Re: [PATCH] Revert "x86/fpu: Refine and simplify the magic number check during signal return"
From: Andrei Vagin
Date: Wed Apr 29 2026 - 12:44:46 EST
On Wed, Apr 29, 2026 at 12:27 AM Chang S. Bae <chang.seok.bae@xxxxxxxxx> wrote:
>
> On 4/28/2026 5:06 PM, Andrei Vagin wrote:
> >
> > The reverted commit broke applications that construct signal frames in
> > userspace (such as CRIU and gVisor) if the frame's xstate size is
> > smaller than the kernel's fpstate->user_size.
>
> In the extended state area, the sigframe embeds the hardware-defined
> XSAVE format. If CPU A and CPU B support different XSTATE features, the
> layout (size and offsets) differ across systems. However, within a
> system, the layout is invariant. Userspace can query CPUID to obtain the
> exact offset and sizes, which effectively defines the ABI.
>
> On top of the XSAVE data, the kernel appends metadata (e.g. the xstate
> size and magic values). In particular fpstate->user_size is written by
> save_sw_bytes() at signal delivery. On sigreturn, the kernel validates
> this, which is a symmetric and straightforward check.
First of all, the reverted change broke backward compatibility for
user-space. There are at least two projects (gVisor and CRIU) that
worked correctly before this change. With the reverted commit, they
run into silent memory corruption.

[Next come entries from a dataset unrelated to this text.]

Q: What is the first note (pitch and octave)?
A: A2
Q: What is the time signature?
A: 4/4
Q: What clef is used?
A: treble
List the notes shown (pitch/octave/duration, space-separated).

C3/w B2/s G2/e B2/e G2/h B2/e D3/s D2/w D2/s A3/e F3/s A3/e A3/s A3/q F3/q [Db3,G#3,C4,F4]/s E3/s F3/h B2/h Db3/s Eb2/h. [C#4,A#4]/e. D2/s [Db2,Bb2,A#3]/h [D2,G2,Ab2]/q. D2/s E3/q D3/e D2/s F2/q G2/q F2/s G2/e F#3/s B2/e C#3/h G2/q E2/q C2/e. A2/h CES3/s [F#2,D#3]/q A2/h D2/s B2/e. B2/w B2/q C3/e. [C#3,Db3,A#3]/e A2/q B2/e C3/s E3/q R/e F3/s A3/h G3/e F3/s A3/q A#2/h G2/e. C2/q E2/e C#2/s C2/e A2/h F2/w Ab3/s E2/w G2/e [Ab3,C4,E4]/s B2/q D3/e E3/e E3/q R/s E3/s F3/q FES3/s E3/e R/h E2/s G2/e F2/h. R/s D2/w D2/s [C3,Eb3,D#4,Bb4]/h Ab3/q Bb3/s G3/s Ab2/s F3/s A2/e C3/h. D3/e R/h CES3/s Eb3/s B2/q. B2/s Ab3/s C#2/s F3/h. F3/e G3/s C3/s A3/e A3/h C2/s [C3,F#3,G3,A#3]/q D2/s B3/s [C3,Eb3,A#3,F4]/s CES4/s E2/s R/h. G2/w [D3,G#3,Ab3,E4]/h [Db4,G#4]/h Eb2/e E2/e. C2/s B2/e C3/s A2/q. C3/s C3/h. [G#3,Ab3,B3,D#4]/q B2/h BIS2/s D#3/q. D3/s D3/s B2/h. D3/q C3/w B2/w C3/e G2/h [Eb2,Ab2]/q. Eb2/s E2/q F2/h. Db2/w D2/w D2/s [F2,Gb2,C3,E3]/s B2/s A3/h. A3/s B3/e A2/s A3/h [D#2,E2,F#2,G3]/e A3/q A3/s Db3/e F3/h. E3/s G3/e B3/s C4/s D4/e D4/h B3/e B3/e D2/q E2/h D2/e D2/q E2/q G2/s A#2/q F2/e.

We usually try to avoid breaking
user-space like this without strong justification.
As for layout compatibility, in most cases CPU A (older) and CPU B
(newer) have compatible XSAVE layouts in terms of saving states on A
and restoring them on B. CPU B may feature new extended hardware
states, but the layout for previously supported components remains
the same. CRIU relies on this fact to allow users to migrate
processes from older to newer CPUs. CRIU can check whether
XSAVE states align across machines.
>
> Because the format is hardware-defined, arbitrary size mismatches should
> not be allowed. The sigframe should match the CPU-defined XSAVE layout.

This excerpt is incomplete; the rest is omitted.